SimFlowCFD / RapidCFD-dev

RapidCFD is an OpenFOAM fork running fully on CUDA platform. Brought to you by
https://sim-flow.com
Other
328 stars 95 forks source link

RapidCFD-container #97

Open jiaqiwang969 opened 2 years ago

jiaqiwang969 commented 2 years ago

Hi, everyone, I try to make dockerfile for RapidCFD-dev. It is on process. The idea is to modify the orginal openfoam-2.3.x dockerfile.

Any suggestiones?

https://github.com/jiaqiwang969/openfoam-docker/tree/main/OpenFOAM/openfoam-org

Advantage:

Install and run

Tips:

New solver implement

jiaqiwang969 commented 2 years ago

That is truly interesting. And this is OpenFOAM 2.3.x?

No, in foam-v6

jiaqiwang969 commented 2 years ago

Progress update

Ex1:

        scalar pl = p_L[iface] ;
        scalar pr = p_R[iface] ;
        scalar ml = M_L[iface] ;
        scalar mr = M_R[iface] ;
        scalar ul = U_L[iface] ;
        scalar ur = U_R[iface] ;
        scalar dl = rho_L[iface] ;
        scalar dr = rho_R[iface] ;

each one need a copy_if function:

        thrust::copy_if
        (
         thrust::make_permutation_iterator
         (
          rho_R.getField().begin(),
          owner.begin()
         ),
         thrust::make_permutation_iterator
         (
          rho_R.getField().begin(),
          owner.end()
         ),
         duc,
         dr.begin(),
         isA(ducLevelPress)
        );

Ex2:

fa = M0*(2.-M0);

for this simple equation,we need use “thrust::minus” with "2.-M0", then use " thrust::multiplies".

Ex3:

        p5p = p5 (ml , 1 , alpha) ;

where p5 is a function:

  float p5 (float rm,float sgn ,float alpha) // Return p_5
   {
   float r ;
   if (abs(rm)<1.)
   {
    r = m2(rm,sgn)*( (sgn*2-rm) - sgn*16*alpha*rm*m2(rm,-sgn) ) ;
   }
   else
   {
    r = 1./rm*m1(rm,sgn) ;
   }
   return r ;
   }

Can be witten in lambda function in thrust type? And how?

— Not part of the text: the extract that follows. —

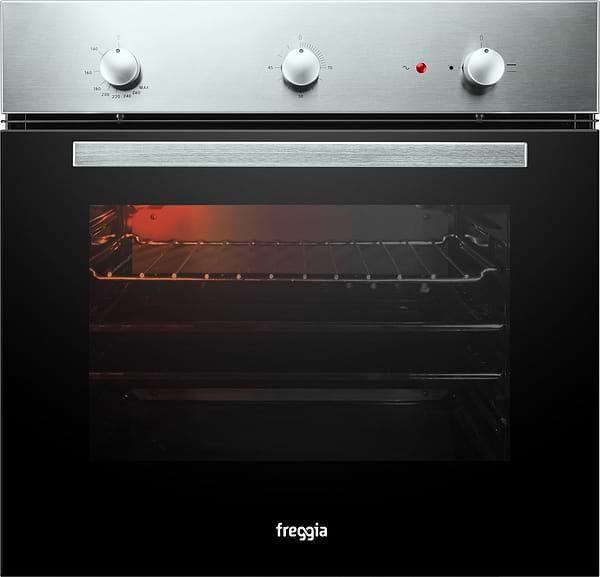 Фото - Духовой шкаф газовый Freggia OMBB63X1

jiaqiwang969 commented 2 years ago

NEW IDEAS

I believe Another stategy is better, i.e. Ignore the if-statement first, just calculation in the whole field in gpu, and "copy_if" with the final result.

Question:

  1. how to ..
jiaqiwang969 commented 2 years ago

Confusions

Hi,TonkomoLLC I need to clear up a few confusions, main is about Storage issues of CPU & GPU . Please clarify me~

  1. “forAll” error:

    • Explanation: manipulate GPU memory outside GPU kernel execution. for example, duc[iface], I understand that “duc” is stored in GPU kenerl,“iface” is Pointer stored also in GPU? But we send commands via the CPU.
  2. “forAll” error fixed by "thrust",

    • Does it means that we send commands via the GPU?
  3. labelgpuList vs labelUList what is main difference? Does it mean labelgpuList stored Pointer in GPU, labelUList stored Pointer in CPU?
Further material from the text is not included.